Sobre Gritar Puto En Los Estadios

Hace unos dias un amigo me comentaba sobre lo ridículo que parece que las instituciones deportivas multen a los equipos por lo que hacen sus aficionados en los estadios. Que por que los mexicanos sabemos decir groserías pero sin ofender.

Si y no, creo que la situación es más compleja que eso y tiene varios factores, por ejemplo, es bastante común que uno le diga alguna grosería leve o poco común a alguno de las personas que más quiere, al menos así es en latinoamérica y posiblemente todo el mundo, pero, ¿es hipocresía que uno pueda insultar a su hermano pero si otra persona le dice algo menos ofensivo, indignarse por que solo nosotros tenemos el derecho de hacerlo? Creo que no.
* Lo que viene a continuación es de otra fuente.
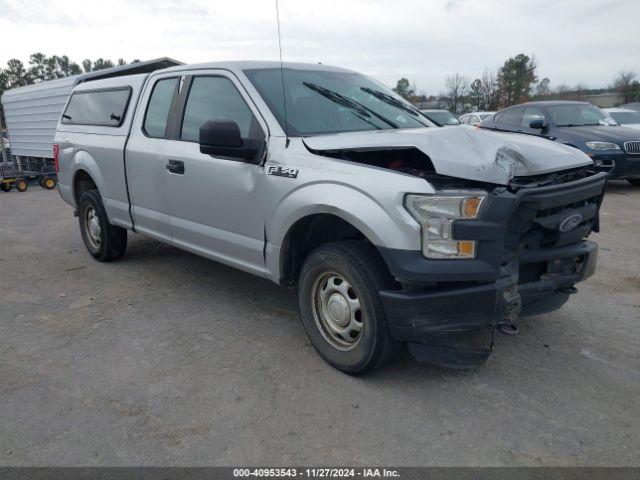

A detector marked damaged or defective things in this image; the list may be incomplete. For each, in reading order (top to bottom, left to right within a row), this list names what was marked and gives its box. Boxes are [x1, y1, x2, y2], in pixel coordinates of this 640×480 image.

La razón es que uno está absolutamente seguro de que el afecto a esa persona de nuestra parte no cambia para nada con una grosería y no sabemos si la otra persona que ofende lo dice con disgusto o con “cariño”.

Personalmente a mi me encanta el humor negro, cualquier chiste sobre el estereotipo de una minoría me suelta muchas carcajadas, sin embargo, hay que saber con quien compartir ese humor. Si estoy con amigos de las bicicletas, podría decir una broma gastada de “20 puntos si atropellas al ciclista”, si estoy con mis amigos gay-friendly puede ser repetir sarcasticamente una frase homófoba, etcétera. Pero ¿que pasa si estás dentro de un grupo de personas de las cuales no conoces a todas o ninguna y dices uno de esos chistes? El chiste podría no ser correctamente interpretado como era tu intención inicial y tomar un rumbo muy nocivo.

De nuevo a los ejemplos, si estás con gente muy idiota y dices que alguien es gay por que creció con traumas, alguien que ya podría estar lleno de prejuicios de toda la vida, esos chistes esa persona los recogería como hechos y juicios, que de por sí ya existe una predisposición a tomar solo las opiniones que te dan la razón.

Para finalizar y volviendo al punto principal, dentro de la multitud de personas que asisten a los estadios pudiese haber una minoría radical (de hecho ocasionalmente hay) a la que decir un PUTO sea con toda la intención de desvalorizar al portero comparándolo con un homosexual, y si esa es su peor ofensa prácticamente estaría diciendo un gay podría ser el peor “tipo” de persona si es que aún lo considera persona. Siendo los integrantes del partido líderes ante sus aficionados, ellos pueden promover, pero dificilmente controlar las actitudes de sus seguidores. Los integrantes por valor moral deberían promover la inclusión y respeto ante todas las personas. Seguramente la gran mayoría de los que asiste a los estadios y grita esas palabras no tienen la intención de ser ofensivas, y otras ni tratarían diferente a alguien con otras características, pero habrá quien si, y no se debe dar confort a los radicales violentos.